Comment expliquer les difficultés des assurbanquiers ?

Le marché bancaire est particulièrement disputé, très concurrentiel. De fait, tout nouveau développement y est extrêmement difficile. Par ailleurs, le taux de mobilité des clients bancaires est très faible. Enfin, l’assurbanque souffre d’un déficit de légitimité tant auprès des clients qu’au sein de leurs réseaux de distribution. Ces offres bancaires sont, de surcroît, peu visibles, les assureurs faisant peu de communication en la matière. Finalement, l’activité bancaire des assureurs demeure encore confidentielle.

Pourquoi les réseaux ne s’approprient-ils pas ces offres ?

C’est le principal point d’achoppement. Les agents généraux sont des techniciens de l’assurance.
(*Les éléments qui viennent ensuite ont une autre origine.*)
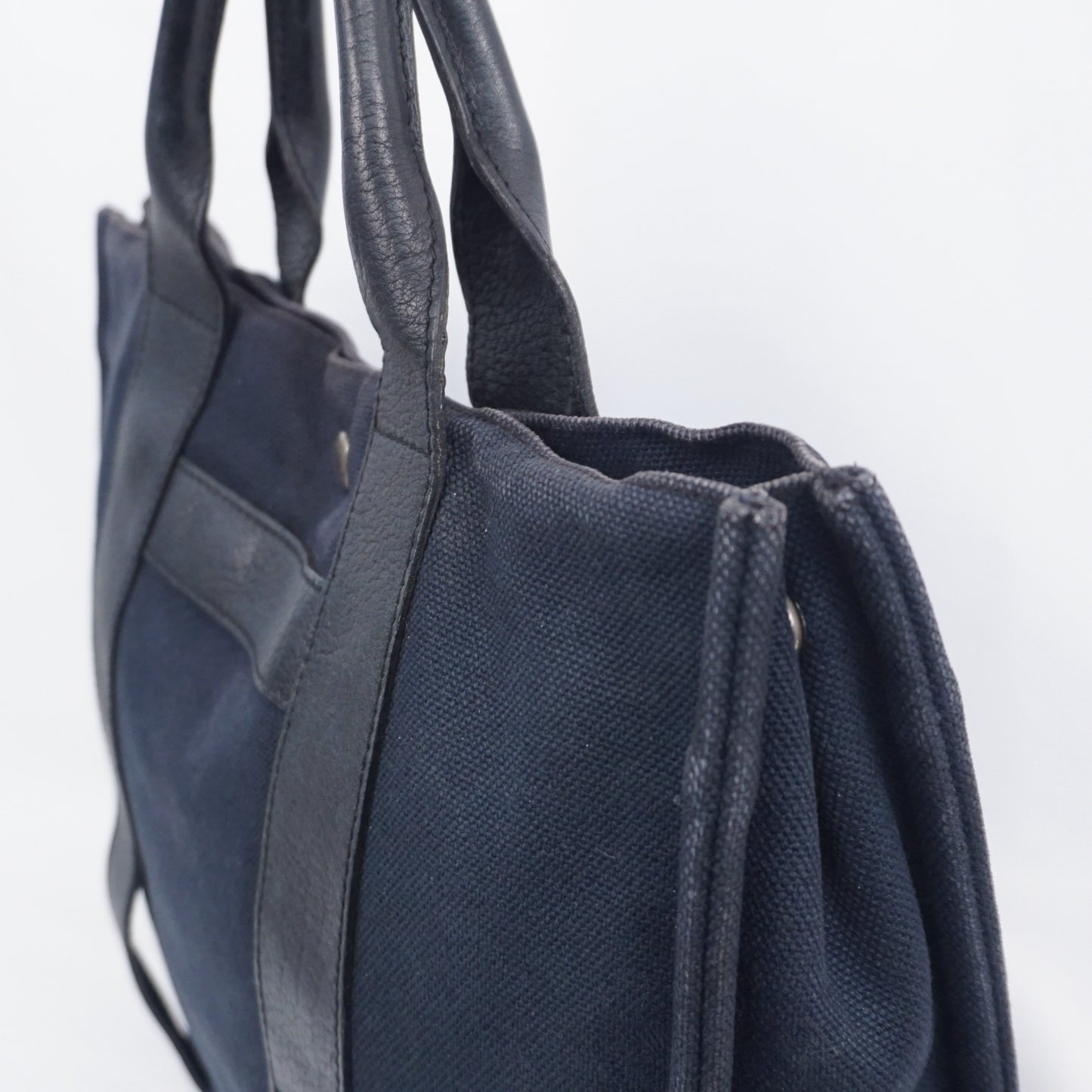 エルメス サックアーネ MM トート ハンドバッグ キャンバス レザー ダークネイビー B26H553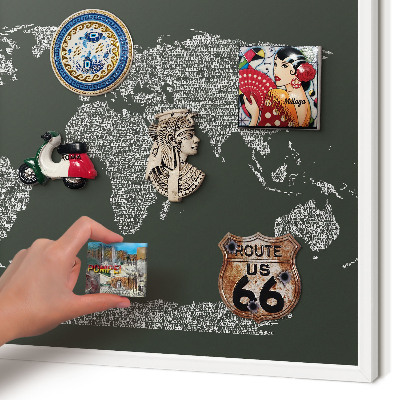 Magnettafel aus Metall für Souvenirs in weißem Rahmen Textkarte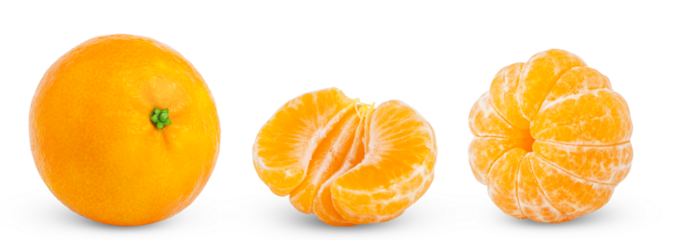 Collection of organic mandarin, tangerine or clementine fruit with green leaf and peeled mandarin, half of tangerine isolated. Clementines with clipping path.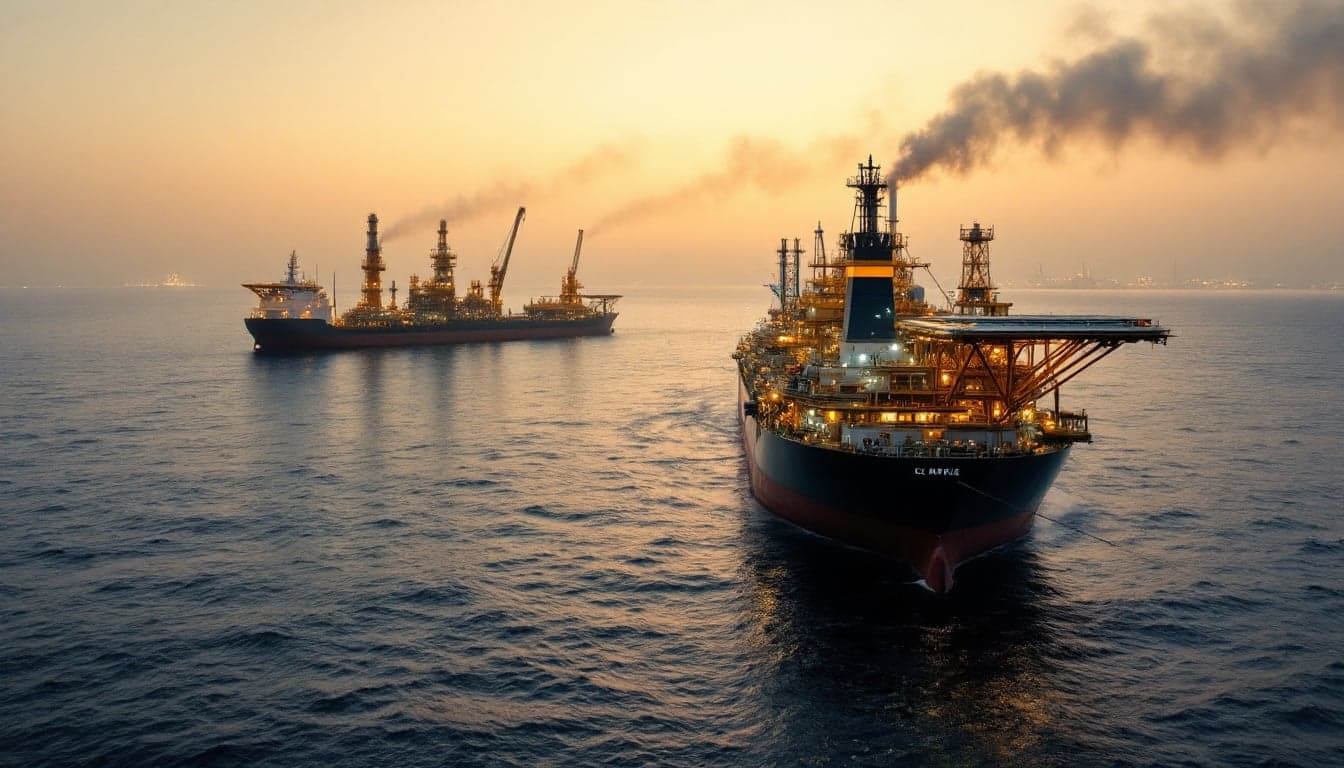 Aerial view of a large crude oil export terminal on the Red Sea coast, with VLCCs at berth and pipeline infrastructure visible onshore.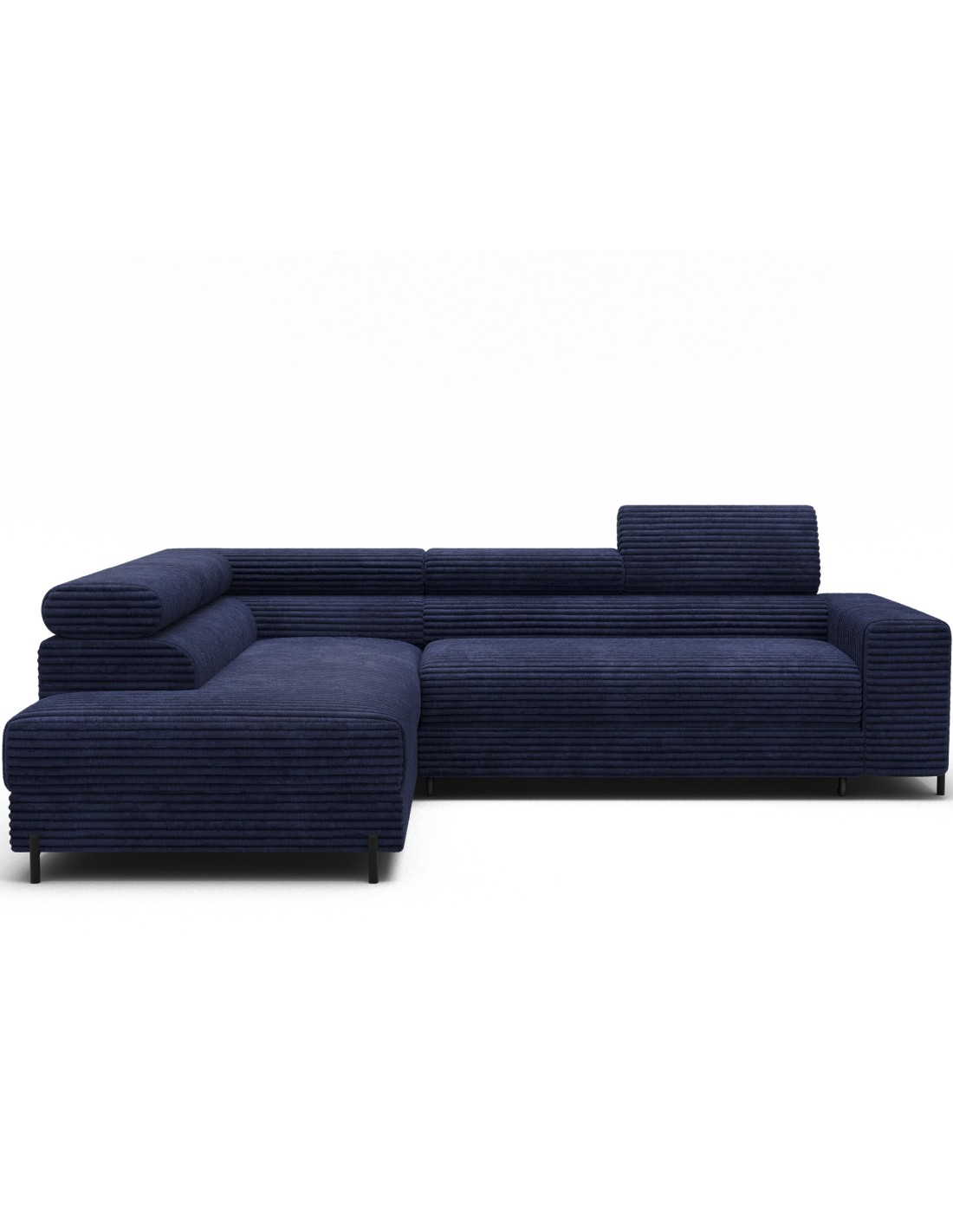 Canapé D'Angle Colesia Convertible 5 Places Bleu Foncé Velours Côtelé - Gauche - 274x200cm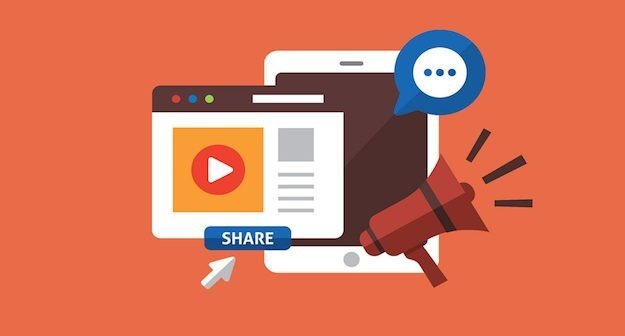 Illustration of a video marketing concept showing a browser window with a play button, a share button, and a megaphone icon, symbolizing online video content promotion and social media sharing on an orange background.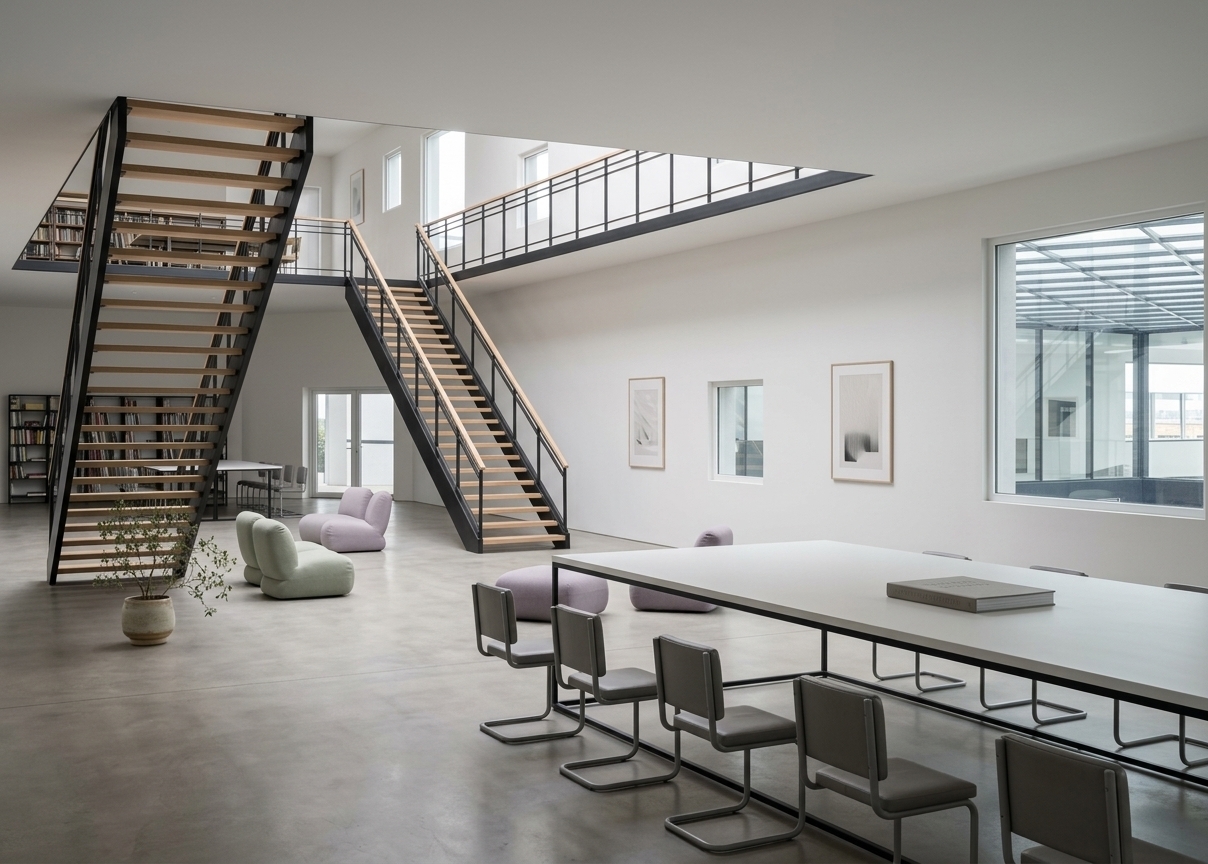 An incredibly lifelike, richly detailed, photorealistic wide-angle interior shot of a modern, multi-level creative workshop set in a minimalist haven. The scene is illuminated by soft, diffused day-lighting pouring in from large architectural openings, creating a serene, uncluttered, and deeply peaceful atmosphere. Captured with a professional 24mm tilt-shift lens, emphasizing the flawless matte-finished walls, polished concrete flooring, and the sleek textures of powder-coated steel and light wood. In the foreground, a long, functional workshop table with an alpine-white surface holds a single, heavy-paper photography book, lined with elegant gray cantilever chairs made of streamlined metal and leather. Further back, comfortable, Zen-inspired plush lounge chairs in subtle pastels sit on the sleek, clutter-free floor, flanked by a delicate indoor plant in a ceramic pot. Two majestic, open-tread staircases with minimalist geometric railings lead the eye upward to a mezzanine balcony, while the distant walls are adorned with understated abstract wall art and punctuated by a large, crisp window looking out onto a modern glazed atrium.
Or, l’activité bancaire relève d’une culture totalement différente et implique surtout une approche technique du risque spécifique. Au-delà de la formation, les assureurs se doivent aussi de convaincre leurs réseaux, de leur expliquer comment vendre cette offre bancaire et, plus encore, de faire évoluer les mentalités. Mais une telle démarche prend du temps car on ne s’improvise pas banquier aussi facilement.

La bancassurance réussit-elle mieux ?

Les agences bancaires affichent toutes désormais la mention « banque et assurance » sur leur fronton ou leur vitrine. Certes, en assurance dommages, elles commencent à avoir globalement des parts de marché non négligeables. Mais de 70 % à plus de 80 % environ des primes collectées par les banques en non vie le sont encore par deux réseaux, le Crédit Agricole et le Crédit Mutuel. Le développement de la « bancassurance non vie » n’est donc pas plus facile, mais à l’évidence, le mouvement est en pleine phase de montée en puissance.